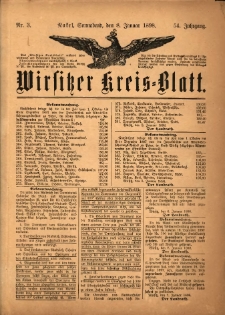 Wirsitzer Kreis-Blatt: herausgegeben vom Königlichen Landraths-Amte 1898.01.08 Jg.54 Nr3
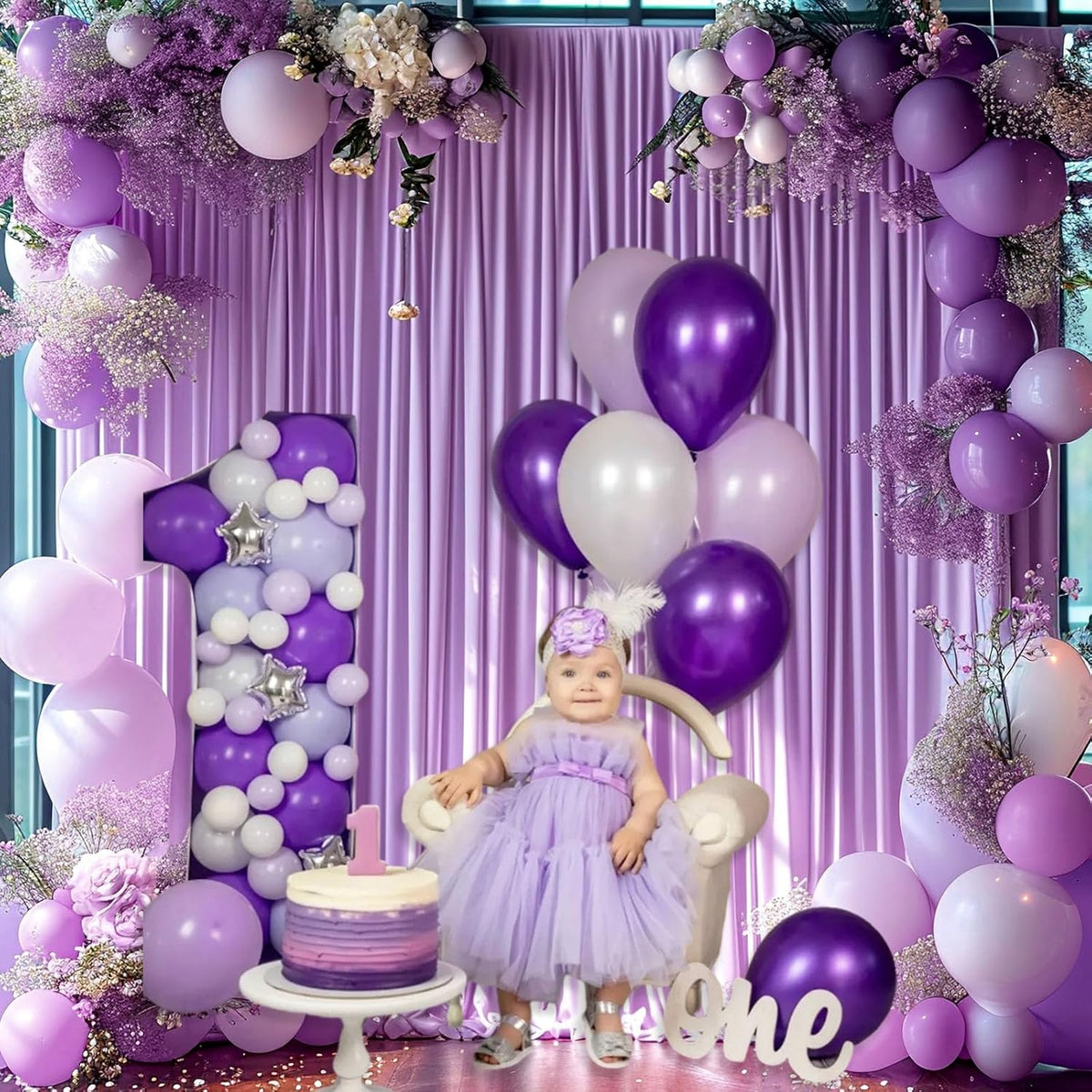 10 x 10 Feet Light Purple Backdrop Curtain for Partie, Background Curtains for Photoshoot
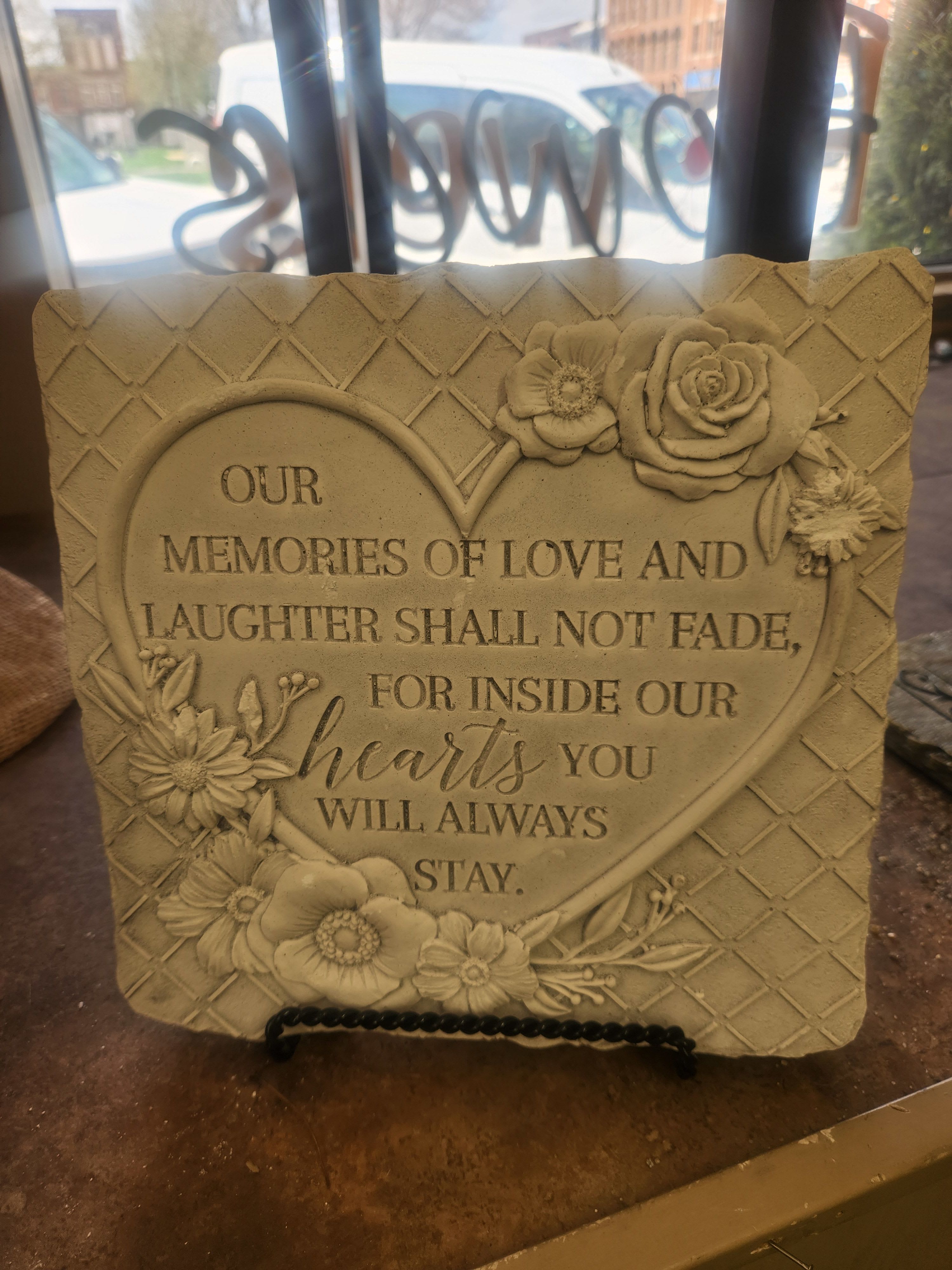 "Our memories of Love and Laughter" memory stone with stand e - "Our memories of love and laughter shall never fade, for inside our hearts you will always stay" memory stone with stand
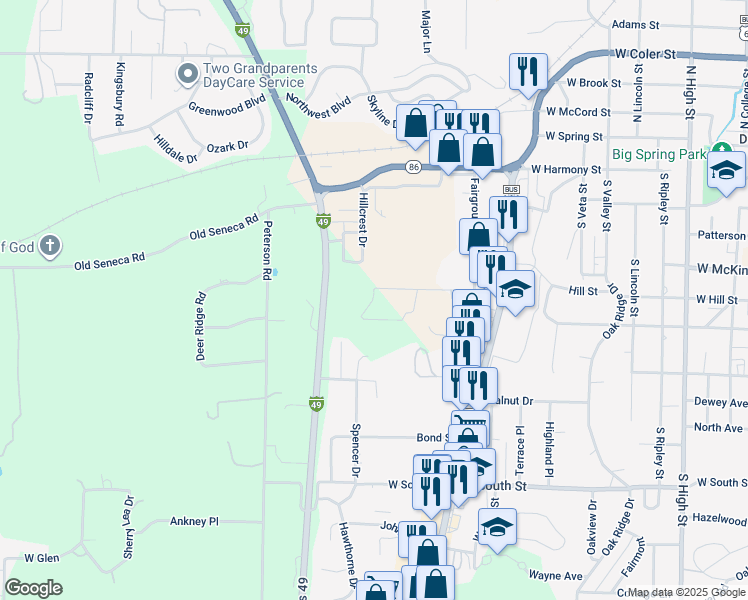 map of restaurants, bars, coffee shops, grocery stores, and more near Gayle Dr in Neosho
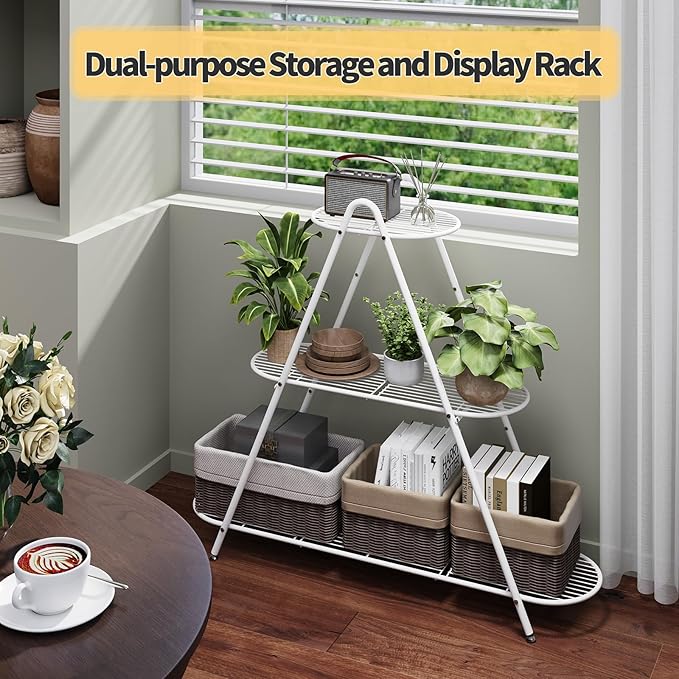 Plant Stand for Patio, 3-Tier Metal Plant Shelf–Indoor/Outdoor Display Rack for - Image 6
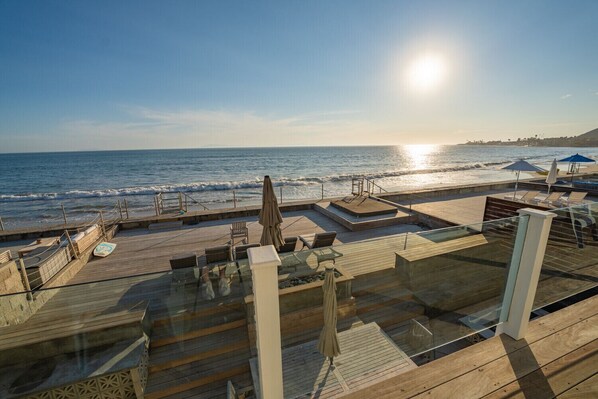 Terrace/patio - Luxury Oceanfront Beach House at Faria Beach - Summer Dates Still Available! (Ventura)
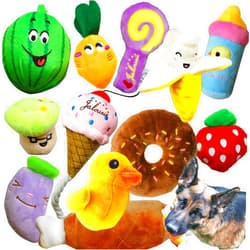 Jalousie 12 Pack Plush Animal Dog Toy Dog Squeaky Toys Cute Pet Plush Toys Stuffed Puppy Chew Toys for Small Medium Dog Puppy Pets - Bulk Dog Toys (12 Pack Cute)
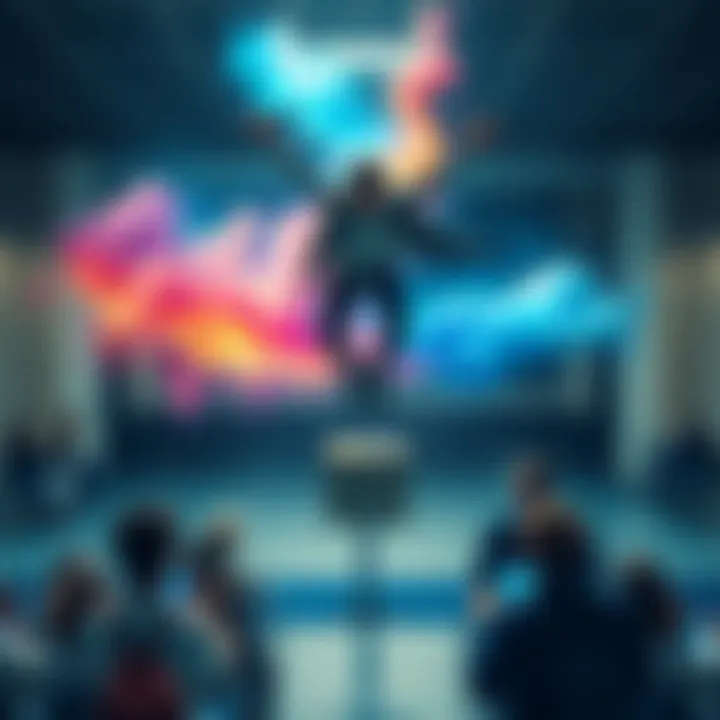 A person floating above a school, surrounded by classmates and teachers, symbolizing freedom and inner conflict in dreams.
____
§ Assigned task
Your task is to reproduce exactly the lines from the start of the data above through the line containing "Terrace/patio - Luxury", leaving every picture out.

§ Written answer
 Wirsitzer Kreis-Blatt: herausgegeben vom Königlichen Landraths-Amte 1898.01.08 Jg.54 Nr3
 10 x 10 Feet Light Purple Backdrop Curtain for Partie, Background Curtains for Photoshoot
 "Our memories of Love and Laughter" memory stone with stand e - "Our memories of love and laughter shall never fade, for inside our hearts you will always stay" memory stone with stand
 map of restaurants, bars, coffee shops, grocery stores, and more near Gayle Dr in Neosho
 Plant Stand for Patio, 3-Tier Metal Plant Shelf–Indoor/Outdoor Display Rack for - Image 6
 Terrace/patio - Luxury Oceanfront Beach House at Faria Beach - Summer Dates Still Available! (Ventura)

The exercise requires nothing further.